Market Risk-Sensitive Instruments and Positions
The market risk inherent in the Company's market risk-sensitive instruments and positions is the potential loss arising from adverse changes in foreign currency exchange rates and interest rates. Foreign currency exchange risk is mitigated by the usage of the Company's multi-currency line of credit. This credit facility can be used to borrow in the local currencies that can mitigate the exchange rate risk resulting from foreign currency-denominated assets fluctuating in relation to the U.S. dollar.
The Company's holdings and positions in market risk- sensitive instruments do not subject the Company to material risk exposures.
Adoption of the Euro
A segment of the global business system implementation is devoted to changes necessary to deal with the introduction of a European single currency (the Euro).
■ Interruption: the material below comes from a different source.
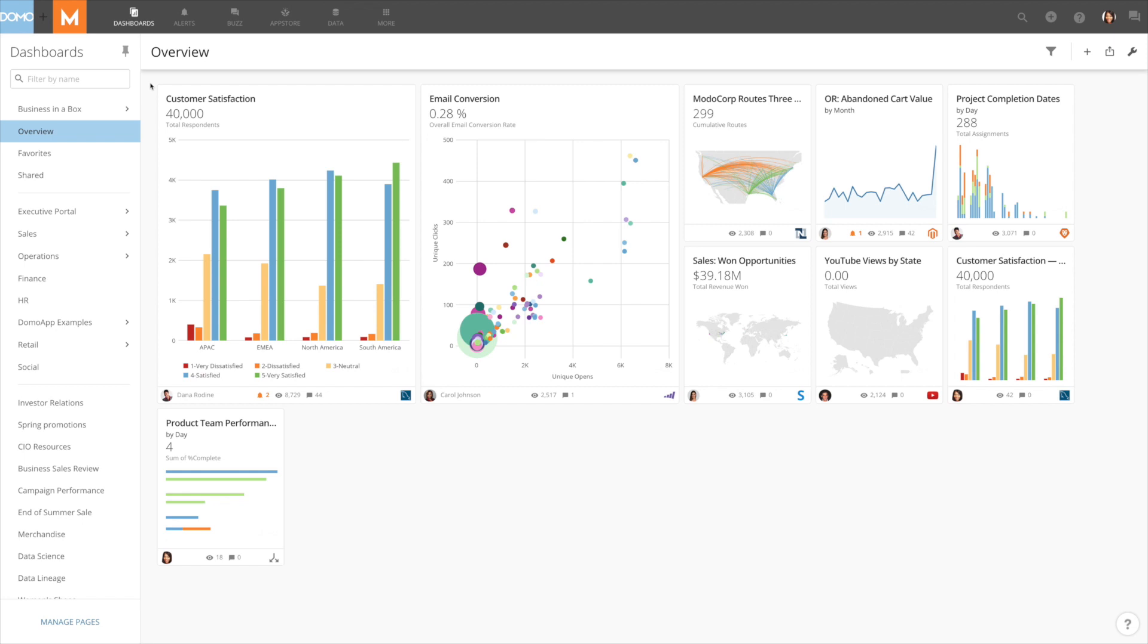Domo's Contextual Navigation is a powerful new tool that makes dashboards easier to discover and manage while also helping you perform other actions in Domo with fewer clicks. Let's check out some of the new features that Contextual Navigation has to offer.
The transition period for implementation is January 1, 1999 through January 1, 2002.
The Company does not expect that introduction and use of the Euro will result in any material increase in costs.
Except for the historical statements and discussions contained herein, statements contained in this report relate to future events that are subject to risks and uncertainties, such as: competition, changing market and economic conditions, currency fluctuations, changes in laws and regulations, the Company's ability to effectively implement and manage its information technology programs and other factors discussed in the report and in the Company's filings with the Securities and Exchange Commission. Actual results may differ materially from any projections contained herein.